(Description of the task): Copy each line of the data that has "more" in it.

^^^^

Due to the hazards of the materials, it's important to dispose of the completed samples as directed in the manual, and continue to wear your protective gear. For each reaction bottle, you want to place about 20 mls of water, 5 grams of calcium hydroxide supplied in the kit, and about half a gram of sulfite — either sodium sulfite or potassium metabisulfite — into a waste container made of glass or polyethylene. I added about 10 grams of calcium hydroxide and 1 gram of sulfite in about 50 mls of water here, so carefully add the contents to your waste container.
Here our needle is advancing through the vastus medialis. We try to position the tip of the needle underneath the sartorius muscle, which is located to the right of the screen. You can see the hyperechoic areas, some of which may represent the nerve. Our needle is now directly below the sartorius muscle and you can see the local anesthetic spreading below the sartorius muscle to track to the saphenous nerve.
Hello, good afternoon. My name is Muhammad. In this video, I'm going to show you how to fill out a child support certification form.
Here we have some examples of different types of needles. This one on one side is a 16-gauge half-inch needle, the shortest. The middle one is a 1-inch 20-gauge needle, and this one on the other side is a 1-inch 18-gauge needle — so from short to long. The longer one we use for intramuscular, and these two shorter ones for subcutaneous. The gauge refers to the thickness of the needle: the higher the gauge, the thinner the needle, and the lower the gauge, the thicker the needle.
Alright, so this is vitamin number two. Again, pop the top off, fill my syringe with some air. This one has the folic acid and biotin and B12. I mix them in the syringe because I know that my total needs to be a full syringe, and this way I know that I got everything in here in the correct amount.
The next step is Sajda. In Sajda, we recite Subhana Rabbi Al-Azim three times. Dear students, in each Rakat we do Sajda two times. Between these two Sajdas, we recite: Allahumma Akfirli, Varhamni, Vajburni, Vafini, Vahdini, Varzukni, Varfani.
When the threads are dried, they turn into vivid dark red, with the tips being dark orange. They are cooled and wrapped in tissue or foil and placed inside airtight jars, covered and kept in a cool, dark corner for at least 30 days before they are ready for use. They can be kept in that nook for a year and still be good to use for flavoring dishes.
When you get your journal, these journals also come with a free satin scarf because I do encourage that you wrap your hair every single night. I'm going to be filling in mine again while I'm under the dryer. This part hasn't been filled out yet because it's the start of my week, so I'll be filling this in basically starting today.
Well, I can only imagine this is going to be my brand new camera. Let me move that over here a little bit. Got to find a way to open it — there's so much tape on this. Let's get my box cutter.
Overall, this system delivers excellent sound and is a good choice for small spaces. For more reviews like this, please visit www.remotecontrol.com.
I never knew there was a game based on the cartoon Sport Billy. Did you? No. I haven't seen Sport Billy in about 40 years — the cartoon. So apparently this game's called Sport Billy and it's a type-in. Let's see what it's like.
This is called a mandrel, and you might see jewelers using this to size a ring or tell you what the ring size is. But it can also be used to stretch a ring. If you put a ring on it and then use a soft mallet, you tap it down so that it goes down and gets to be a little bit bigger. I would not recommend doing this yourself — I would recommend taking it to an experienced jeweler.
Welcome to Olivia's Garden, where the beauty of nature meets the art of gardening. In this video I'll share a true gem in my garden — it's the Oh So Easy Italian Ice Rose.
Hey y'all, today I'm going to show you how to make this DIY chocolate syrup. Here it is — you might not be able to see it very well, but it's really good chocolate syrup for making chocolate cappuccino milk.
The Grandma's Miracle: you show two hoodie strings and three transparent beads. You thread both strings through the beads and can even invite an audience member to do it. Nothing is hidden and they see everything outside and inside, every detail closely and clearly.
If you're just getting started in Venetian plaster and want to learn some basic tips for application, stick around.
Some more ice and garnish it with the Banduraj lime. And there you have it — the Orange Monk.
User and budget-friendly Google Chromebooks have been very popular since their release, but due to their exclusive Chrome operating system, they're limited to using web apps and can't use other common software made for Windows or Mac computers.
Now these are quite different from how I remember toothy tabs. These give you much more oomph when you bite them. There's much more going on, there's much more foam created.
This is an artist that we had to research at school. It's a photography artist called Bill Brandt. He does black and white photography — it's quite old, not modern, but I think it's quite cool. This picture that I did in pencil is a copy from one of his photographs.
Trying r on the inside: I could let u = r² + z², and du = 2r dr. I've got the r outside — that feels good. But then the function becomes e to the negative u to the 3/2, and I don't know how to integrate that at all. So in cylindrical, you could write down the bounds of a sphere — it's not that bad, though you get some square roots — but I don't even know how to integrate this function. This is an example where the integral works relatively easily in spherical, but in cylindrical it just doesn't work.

^^^^

(Solution for this exercise):
Overall, this system delivers excellent sound and is a good choice for small spaces. For more reviews like this, please visit www.remotecontrol.com.
Some more ice and garnish it with the Banduraj lime. And there you have it — the Orange Monk.
Now these are quite different from how I remember toothy tabs. These give you much more oomph when you bite them. There's much more going on, there's much more foam created.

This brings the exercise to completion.